*Record extracts*:
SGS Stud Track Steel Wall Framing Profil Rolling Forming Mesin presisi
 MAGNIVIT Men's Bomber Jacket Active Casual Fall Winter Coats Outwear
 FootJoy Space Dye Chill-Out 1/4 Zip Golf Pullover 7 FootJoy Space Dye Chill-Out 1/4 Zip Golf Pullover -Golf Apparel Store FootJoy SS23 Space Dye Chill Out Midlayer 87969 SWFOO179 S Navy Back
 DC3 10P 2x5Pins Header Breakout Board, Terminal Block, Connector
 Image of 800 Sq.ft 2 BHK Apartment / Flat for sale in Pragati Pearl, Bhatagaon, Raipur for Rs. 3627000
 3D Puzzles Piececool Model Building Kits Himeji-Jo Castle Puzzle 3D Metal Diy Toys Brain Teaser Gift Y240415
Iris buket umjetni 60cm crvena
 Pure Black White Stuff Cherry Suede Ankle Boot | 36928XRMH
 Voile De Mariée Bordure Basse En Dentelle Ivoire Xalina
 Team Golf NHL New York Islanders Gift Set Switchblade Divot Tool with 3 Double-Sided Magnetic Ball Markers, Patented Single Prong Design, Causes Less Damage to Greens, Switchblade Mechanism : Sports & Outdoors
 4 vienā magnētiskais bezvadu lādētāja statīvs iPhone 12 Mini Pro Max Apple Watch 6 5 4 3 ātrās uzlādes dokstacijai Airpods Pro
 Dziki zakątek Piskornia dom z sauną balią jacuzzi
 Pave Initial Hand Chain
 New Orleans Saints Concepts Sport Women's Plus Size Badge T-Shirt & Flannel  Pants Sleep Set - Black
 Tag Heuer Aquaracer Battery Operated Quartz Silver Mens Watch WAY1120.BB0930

*Work to complete*: For every line of the material that holds the word "Watch", make a copy.

*Problem solution*:
 4 vienā magnētiskais bezvadu lādētāja statīvs iPhone 12 Mini Pro Max Apple Watch 6 5 4 3 ātrās uzlādes dokstacijai Airpods Pro
 Tag Heuer Aquaracer Battery Operated Quartz Silver Mens Watch WAY1120.BB0930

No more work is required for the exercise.